Written by: Leo Almazora, Shared by: www.wealthprofessional.ca
The acceptance of ESG factors as a factor behind long-term investment performance has approached critical mass in the past year, leading more investors to ask companies for non-financial information. But as it turns out, getting the answers they want isn’t so easy.
In its newly released Climate Change and Sustainability Services Survey, global consulting firm EY found that 97% of institutional investors say they conduct an evaluation of target companies’ nonfinancial disclosures, including 65% who usually perform informal reviews of nonfinancial disclosures and 32% who perform a structured, methodical evaluation.

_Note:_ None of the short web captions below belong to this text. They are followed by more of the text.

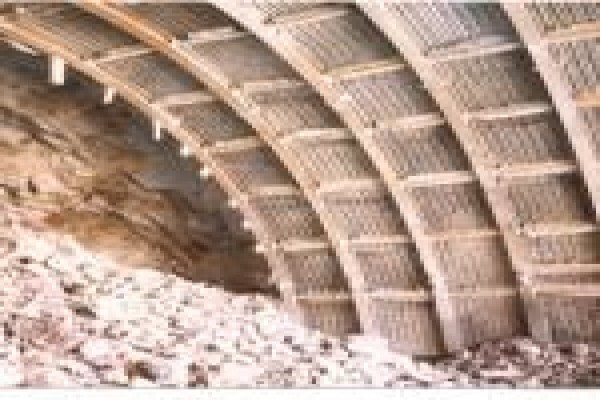 Abeyla Exports (Pty) Ltd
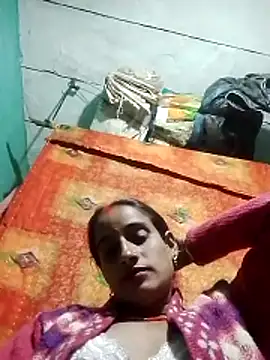 Xxx suhana online show from 12/21/25, 05:09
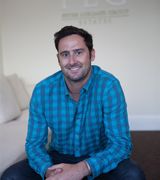 Noah Walsh, Agent in Beverly Hills, CA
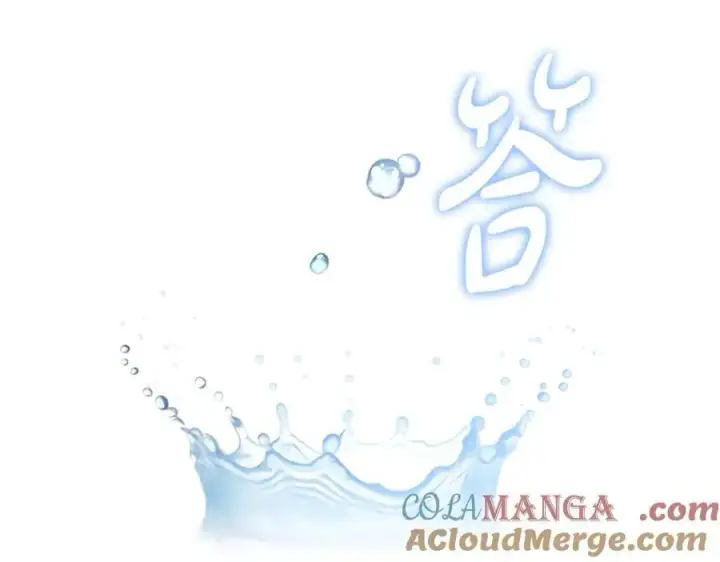 《继母活命很简单》第82话 千钧一发图217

Overall, it represented a nearly 20% increase over 2017.
"Investors have a more sophisticated understanding of the positive link between a business' environmental, social and governance (ESG) impact and their financial performance," said Thibaut Millet, EY Canada Climate Change and Sustainability Services Leader. “Nonfinancial information is playing a pivotal role in investment decision-making, and will increasingly continue to weigh on Canadian investor minds as they take a step back to focus on a business' value creation to sustain long-term growth.”
A similarly overwhelming majority (96%) said that such information has either occasionally (62%) or frequently (34%) been pivotal in their investment decision-making. And in the event of a market downturn or correction, 89% believed that ESG and nonfinancial information will become either much or somewhat more valuable, suggesting that they see it as a way to get downside risk protection.
In what kinds of investment evaluations were investors more likely to weigh nonfinancial information? Investors said they were more likely to occasionally or frequently consider such information when adjusting valuation for risk (70%), examining industry dynamics and regulation (63%), and when reviewing investment results (61%).
But in spite of the growing dependence on information that goes beyond ESG scoring — integrated reports and annual reports were both cited by a 94% majority as an either useful or essential source of nonfinancial information — over half of the respondents (56%) say that nonfinancial company disclosures are either not available or not adequate to meaningfully compare with other companies.
“Many organizations have taken an active role in disclosing what policies and practices are in place, but what's often missing are measures of accountability,” Millet said. “Investors no longer want to know what the company is doing, but how they're doing it – and how their ESG impact stacks up against others.”
To make that happen, Millet said, there have to be better accounting standards for nonfinancial information that enables standardized data and consistent metrics cross-industry. While 70% of institutional investors agreed that national regulators are in the best position to spearhead efforts to close the existing gap, the report also suggested a role for trade groups in defining material sustainability disclosures that are relevant to their industry.